Деда Иена подняли и развязали руки. Дрожа и путаясь руками, он стал застегивать портки.
— Прощайте, братцы, — кричал он, снимая шапку, — больше не свидимся.
— Прощай, — как стон, протянули мужики и с поникшими головами смотрели, как два стражника, посадив его на телегу, повезли в город.
Карев, прощаясь, сунул в руку деда пачку денег.
— Возьми обратно, — крикнул стражник. — Не полагается. Опосля суда…
Лимпиада стояла на колымаге и, закрывшись руками, вздрагивала от рыданий.
— Поедем, — сказал он ей, когда стражники скрылись за селом.
— Едем, — сказала она и, дернув вожжи, поворотила лошадь на проулки.
День заутренне гудел, и с бора несся неугомонный шум.
— Ну и изверги! — говорил Карев. — В глазах хватают за горло, кровь сосать.
По дороге летели звенящие паутинки и пряжей обвивали космы верб.
— Н-но, родная, — потрагивал Карев вожжами. — Тут, чай, за спуском недалече. Ну, как ты думаешь? — спросил, обернувшись, заглядывая Лимпиаде в глаза. — Ведь ждать, кроме плохого, ничего не дождешься.
Лимпиада молчала, и ей как-то сделалось холодно от этого вопроса. Она сжалась комочком и привалилась к головням.
— Какое бесцветное небо, — сказала она после долгого молчания. — Опять гроза будет.
ГЛАВА ЧЕТВЕРТАЯ
Карев решил уйти. Загадал выплеснуть всосавшийся в его жилы яровой дурман.
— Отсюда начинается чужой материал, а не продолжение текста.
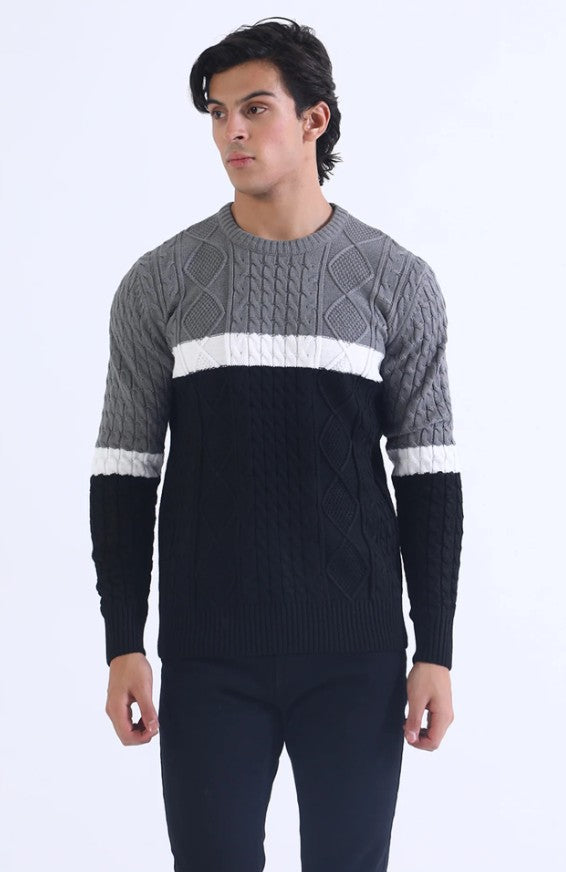 AMF CLOTHING ARTICLE #2419 Grey Men Crew Neck Sweater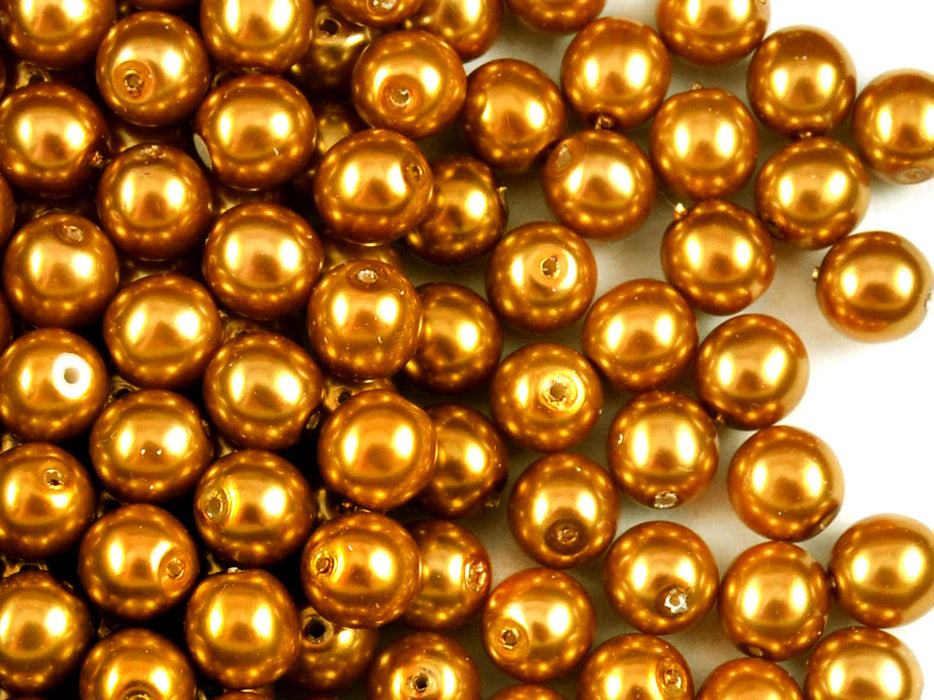 30 pcs Round Pearl Beads, 8mm, Bronze Pearl, Czech Glass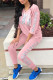 Pink Casual Print Patchwork V Neck Half Sleeve Two Pieces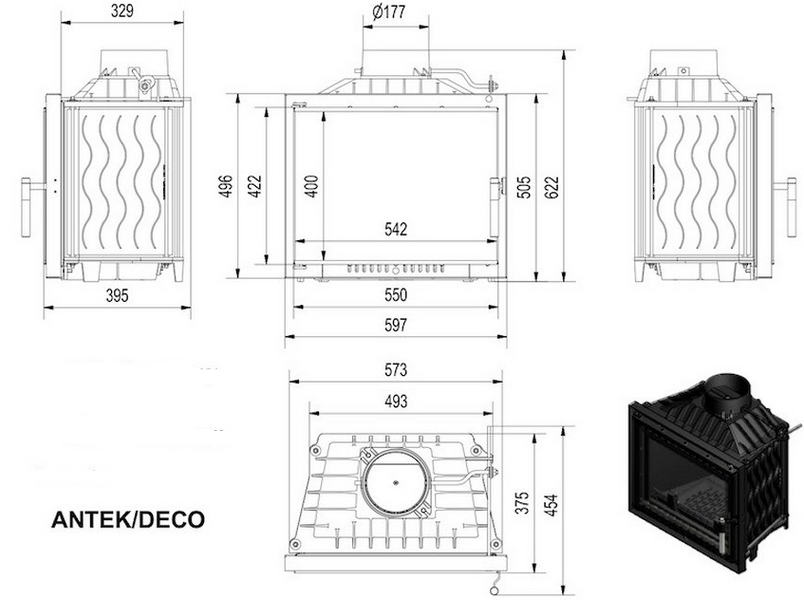 Чавунна камінна топка KRATKI ANTEK 10 DECO 10 кВт ANTEK/DECO фото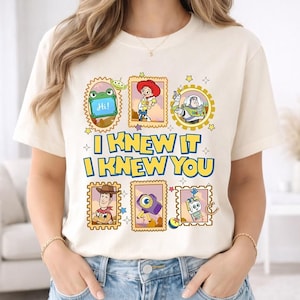 Camiseta retro "Lo sabía, te conocía", camiseta de Woody y Buzz Lightyear, camiseta de la amistad de Toy Story 5, camisetas a juego para la familia de Toy Story de Disneyland. imagen 1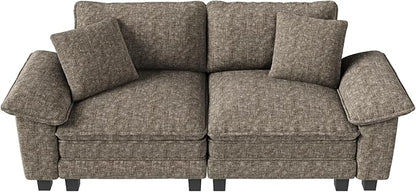 87" Cloud Modular Sectional Loveseat, 2-Seater w/Deep Seat & Removable Arms, Plush Chenille for Small Living Room & Apartment - Smoky Gray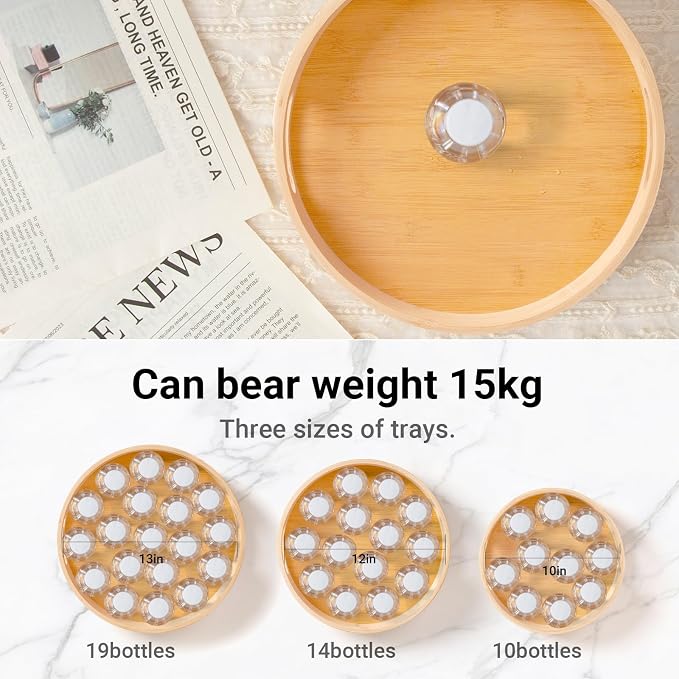 10in Bamboo Lazy Susan Organizer Turntable for Cabinet | Spice Turntable Organizer for Kitchen, Round Rotating Serving Tray Turntable Seasoning Organizer for Table Top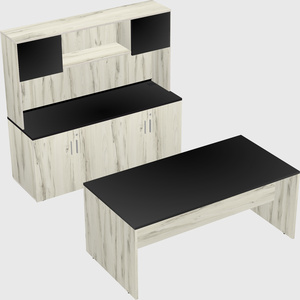Parallel desk with credenza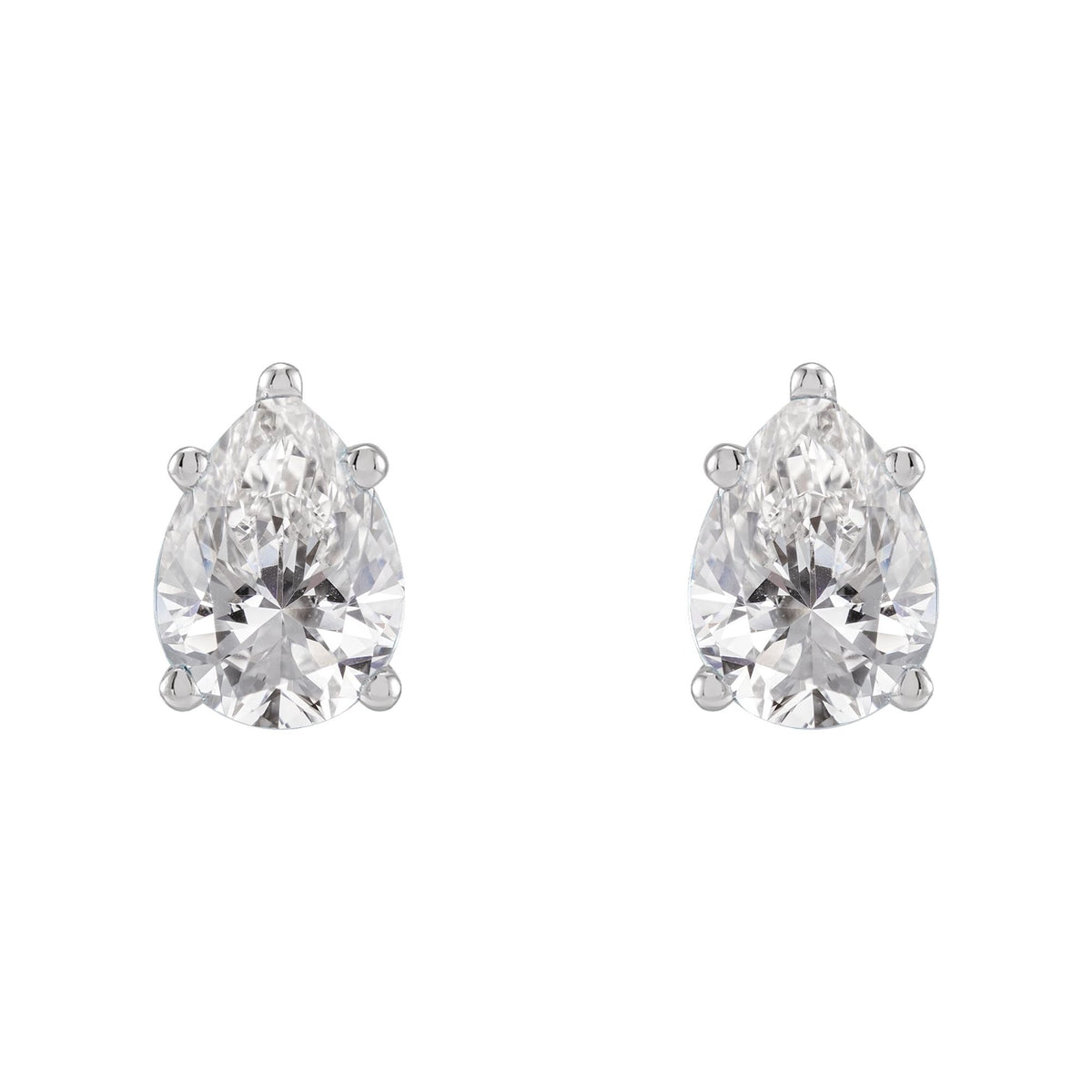 Natural Diamond Pear 5-Prong Stud Earrings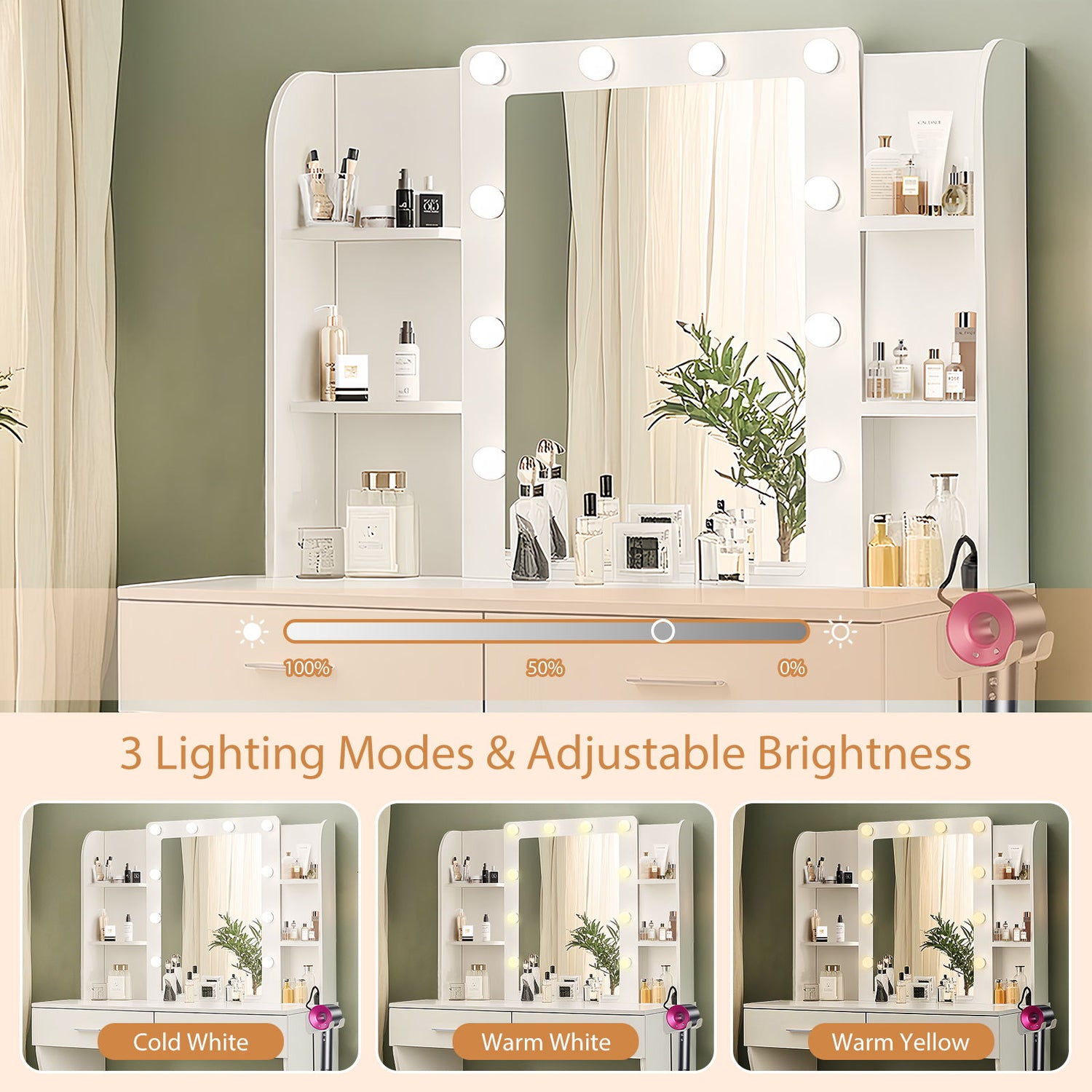 Vanity Desk Set With Mirror &amp; Adjustable Lights Power Outlet And Hair Dryer Rack 2 Drawers And 6 Shelves Includes Cushioned Stool - White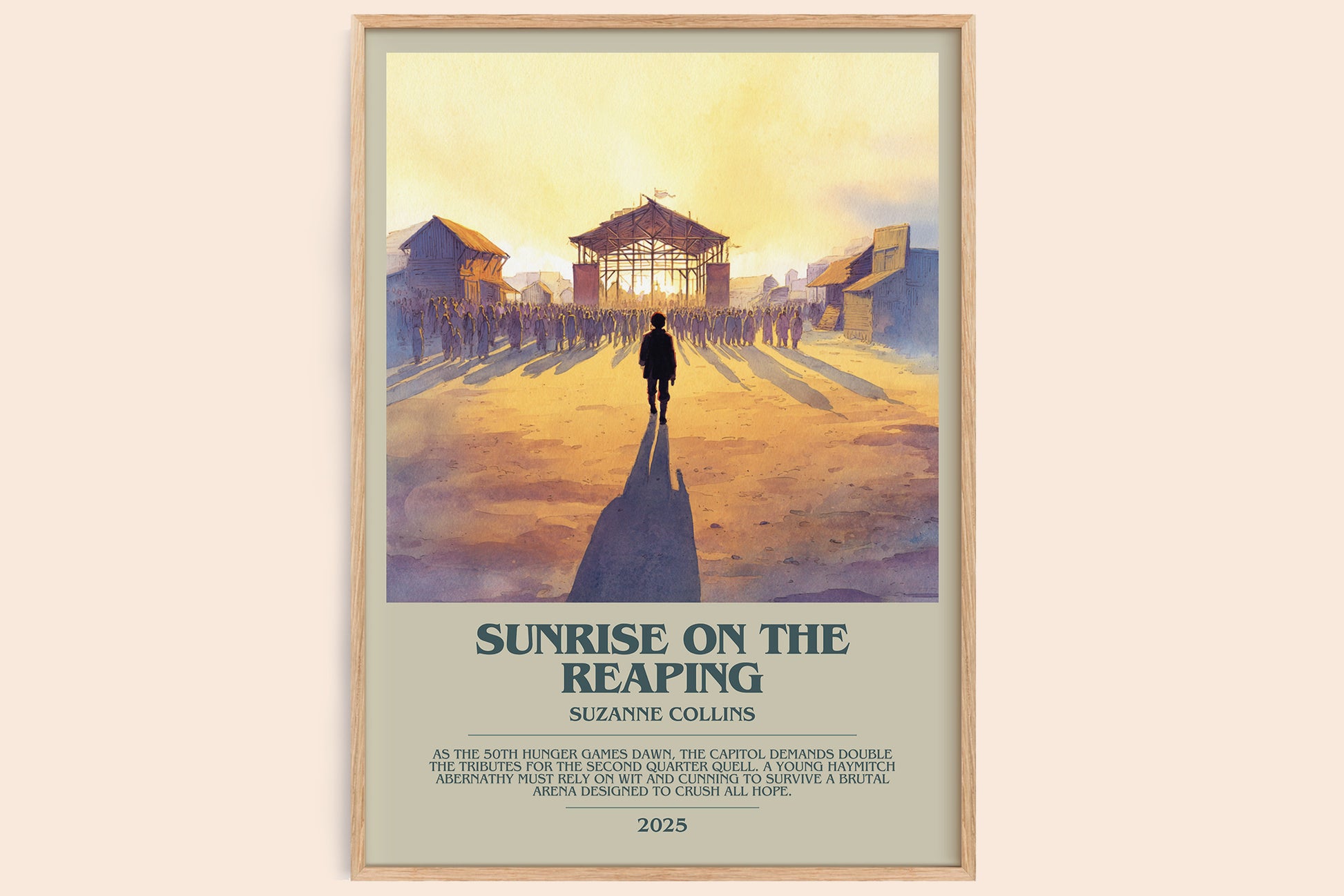 Sunrise on the Reaping bookish book poster by Suzanne Collins – framed literary art print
В душе его подымался ветер и кружил, взбудораживая думы.
Жаль ему было мельницы старой.
Но какая-то грусть тянула его хоть поискать, не оставил ли он чего нужного, что могло пригодиться ему в дороге.
«Сходи, взгляни и, не показываясь, уходи обратно. Так надо, так надо».
После этого на другой день Лимпиада заметила на лбу его складку, которой никогда не видела.
— Милый, ты о чем-нибудь думаешь? — спросила она. — Перестань думать. Ты видишь, я тебя люблю, ничего не требую от тебя, останься только здесь, послушай хоть раз меня, ты уйдешь, я сама скажу, когда почую, что тебе уходить надо.
— Любая моя белочка, — говорил, лаская ее, Карев. — Ты словно плотвичка из тесного озера синего, которая видит с мелью ручей на истоке и, боясь погибели, из того не хочет через него выплеснуться в многоводную речку. Послушай ты меня хоть раз, выпутай свои космы из веток сосен, отрежь их, если крепко они запутались. Я ведь и без кудрей твоих красивых буду любить тебя. Оденься ты странницей, возьми из своего закадычного друга яра посох и иди. Ты можешь ведь этот яр унести с собою. Ты не бойся, что что-нибудь забудешь, — сердце ничего не теряет.
— Яр аукает, отвечает эхом, но никогда не принимает, что говорят ему. Он отдает слова обратно, — сказала Лимпиада. — Если бы я была водяницей, я бы заманула тебя в омут и мертвого стала бы ласкать. Но я лесная русалка, полюбила тебя живого, тут и я несчастлива и ты.